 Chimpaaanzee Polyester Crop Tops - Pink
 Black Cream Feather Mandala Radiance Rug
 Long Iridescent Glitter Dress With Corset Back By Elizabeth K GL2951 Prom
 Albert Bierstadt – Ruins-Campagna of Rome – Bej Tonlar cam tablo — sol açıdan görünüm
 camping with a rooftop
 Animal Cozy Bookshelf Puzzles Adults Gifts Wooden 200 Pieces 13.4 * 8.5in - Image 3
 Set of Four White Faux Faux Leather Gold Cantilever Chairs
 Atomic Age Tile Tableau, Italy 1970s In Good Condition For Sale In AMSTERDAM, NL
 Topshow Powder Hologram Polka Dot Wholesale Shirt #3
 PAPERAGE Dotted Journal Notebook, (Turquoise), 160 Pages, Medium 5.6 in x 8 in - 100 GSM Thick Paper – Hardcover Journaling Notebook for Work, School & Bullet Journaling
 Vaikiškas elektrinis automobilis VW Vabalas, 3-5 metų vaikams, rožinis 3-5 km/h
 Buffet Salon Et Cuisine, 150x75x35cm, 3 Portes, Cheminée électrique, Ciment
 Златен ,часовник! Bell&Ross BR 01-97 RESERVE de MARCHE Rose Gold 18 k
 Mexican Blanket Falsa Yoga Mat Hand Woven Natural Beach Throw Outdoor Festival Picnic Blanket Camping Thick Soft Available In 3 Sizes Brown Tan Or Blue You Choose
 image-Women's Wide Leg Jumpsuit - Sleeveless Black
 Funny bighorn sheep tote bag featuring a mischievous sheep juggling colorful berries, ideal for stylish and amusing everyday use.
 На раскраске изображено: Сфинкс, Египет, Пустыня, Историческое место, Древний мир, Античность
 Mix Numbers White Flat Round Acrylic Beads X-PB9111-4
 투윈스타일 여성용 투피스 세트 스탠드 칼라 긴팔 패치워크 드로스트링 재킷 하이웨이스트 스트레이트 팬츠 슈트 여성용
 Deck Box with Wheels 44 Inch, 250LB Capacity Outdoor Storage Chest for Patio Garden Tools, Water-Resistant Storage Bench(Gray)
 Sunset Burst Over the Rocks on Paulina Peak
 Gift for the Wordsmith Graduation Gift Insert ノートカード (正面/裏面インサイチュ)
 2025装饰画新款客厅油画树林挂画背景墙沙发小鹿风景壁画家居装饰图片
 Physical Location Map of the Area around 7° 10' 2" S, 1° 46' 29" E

* * * * * * *

TASK DESCRIPTION —
Everything from the first line of the listing above through the line holding "Златен ,часовник! Bell&Ross" must be retyped exactly; nothing else belongs in the reply.

RESULT —
 Chimpaaanzee Polyester Crop Tops - Pink
 Black Cream Feather Mandala Radiance Rug
 Long Iridescent Glitter Dress With Corset Back By Elizabeth K GL2951 Prom
 Albert Bierstadt – Ruins-Campagna of Rome – Bej Tonlar cam tablo — sol açıdan görünüm
 camping with a rooftop
 Animal Cozy Bookshelf Puzzles Adults Gifts Wooden 200 Pieces 13.4 * 8.5in - Image 3
 Set of Four White Faux Faux Leather Gold Cantilever Chairs
 Atomic Age Tile Tableau, Italy 1970s In Good Condition For Sale In AMSTERDAM, NL
 Topshow Powder Hologram Polka Dot Wholesale Shirt #3
 PAPERAGE Dotted Journal Notebook, (Turquoise), 160 Pages, Medium 5.6 in x 8 in - 100 GSM Thick Paper – Hardcover Journaling Notebook for Work, School & Bullet Journaling
 Vaikiškas elektrinis automobilis VW Vabalas, 3-5 metų vaikams, rožinis 3-5 km/h
 Buffet Salon Et Cuisine, 150x75x35cm, 3 Portes, Cheminée électrique, Ciment
 Златен ,часовник! Bell&Ross BR 01-97 RESERVE de MARCHE Rose Gold 18 k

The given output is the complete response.